CEO’ların şirketlerinin büyümesi ve gelişmesine yönelik sağlamaları beklenen katkı artık değişiyor. Şirket yöneticileri, çevik olmak zorunda - değişen müşteri ihtiyaçlarına, hızlanan teknolojik yeniliklere ve rakip firmaların değişim hızına çabuk cevap verecek şekilde aksiyon almaları gerekiyor. Ayrıca, kemikleşmiş yönetim anlayışını ve kurumsal düşünme biçimini sorgulayabilmeleri için, yeni fikirlere her zaman açık olmaları lazım.

Oyunun yeni kuralı

CEO’lar, bir etki yaratmak için daha önceki CEO’lardan daha az zamanları olduğunu düşündüklerinden, bu gereklilik daha da acil hale geliyor. CEO’lara, günümüzde bir CEO’nun ortalama görev süresinin 5 yıl civarında olduğu ifadesine katılıp katılmadıklarını sorduk. Küresel CEO’ların yüzde 74’ü, Türkiye’deki CEO’ların ise yüzde 60’ı buna katıldıklarını ve bu sürenin kariyerlerine başladıklarında daha uzun olduğunu belirtti. Bu görüş, son araştırmaların bulguları ile de uyumlu. Buna göre, yüksek toplam piyasa değerine sahip S&P 500 şirketlerindeki CEO’ların ortalama görev süresi, 2017 yılı sonunda 5 yıldı ve 2013 yılından beri de düşüşte.

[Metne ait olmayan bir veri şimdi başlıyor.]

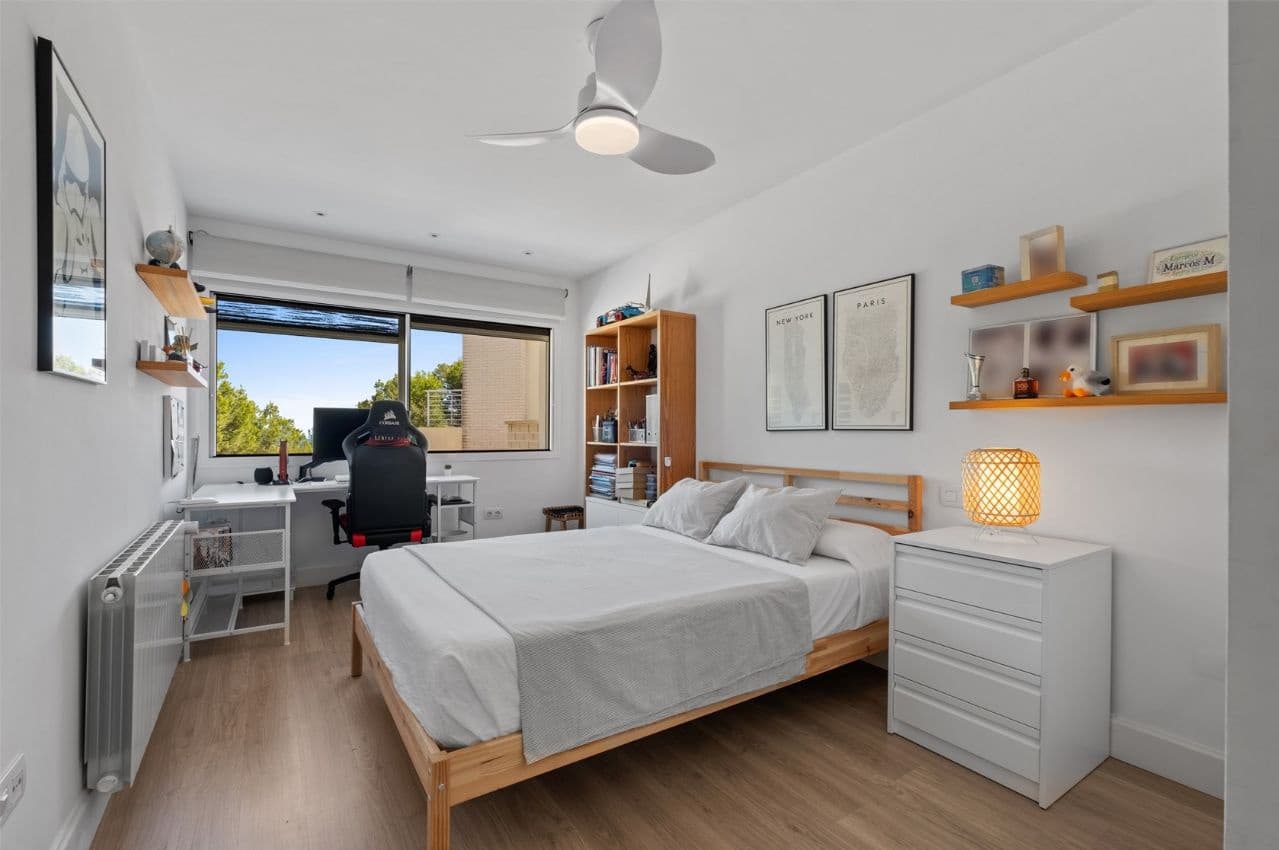 4 soverom Villa til salgs i Alfaz del Pi / L'Alfas del Pi med garasje - € 598 000 (Ref: 9315074)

Türkiye’deki CEO’ların yüzde 68’si, ortalama 5 yıllık görev süresinin çeviklikle hareket etmeyi daha da önemli hale getirdiğini ifade ediyor.

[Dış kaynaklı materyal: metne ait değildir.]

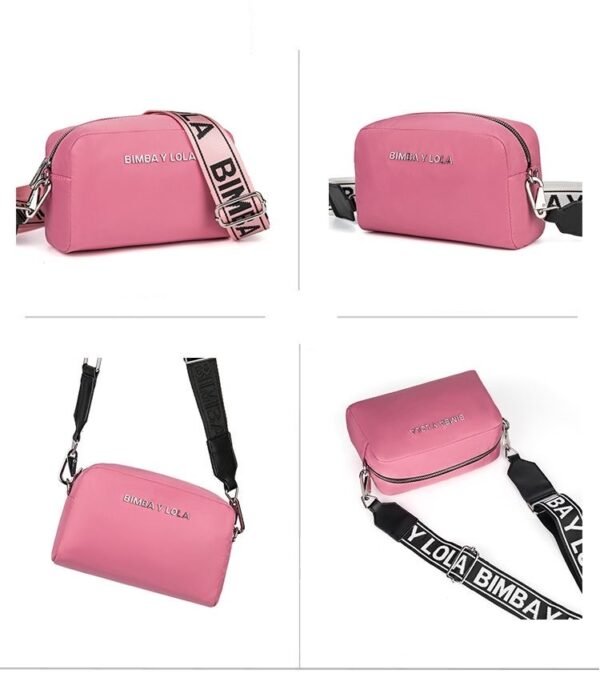 Bimba Y Lola fashion bag PDD195 size22x9x16cm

Görev süresinin ortalama 5 yıl olduğu ifadesine katılan CEO’ların oranı

   

Görev süresinin ortalama 5 yıl olduğu ifadesine katılan CEO’ların oranı

Murat Yeşildere, CEO’ların azalan ortalama görev süresi hakkında şunları söylüyor: CEO’ların üzerindeki performans baskısı giderek artıyor. Daha da önemlisi bu performans beklentisi ile ilgili zaman baskısı da giderek artıyor, tahammül azalıyor. Giderek zorlaşan ve karmaşıklaşan bu denklemde beklentiler gerçekçi olmasa da, bu trendi değiştirebilmek mevcut sistem içinde pek mümkün değil. Durumu zorlaştıran diğer faktör ise, durumun farkında olan CEO’ların (bazılarının) örneklere bakarak ve endişe duyarak, daha kısa vadeli aksiyonlara yönelmeleri, uzun vadeli stratejik adımlardan, yatırımlardan kaçınmaları. Bu baskı, transformasyonel liderliğin gelişmesini engellerken, pragmatizmin artmasına da sebep oluyor.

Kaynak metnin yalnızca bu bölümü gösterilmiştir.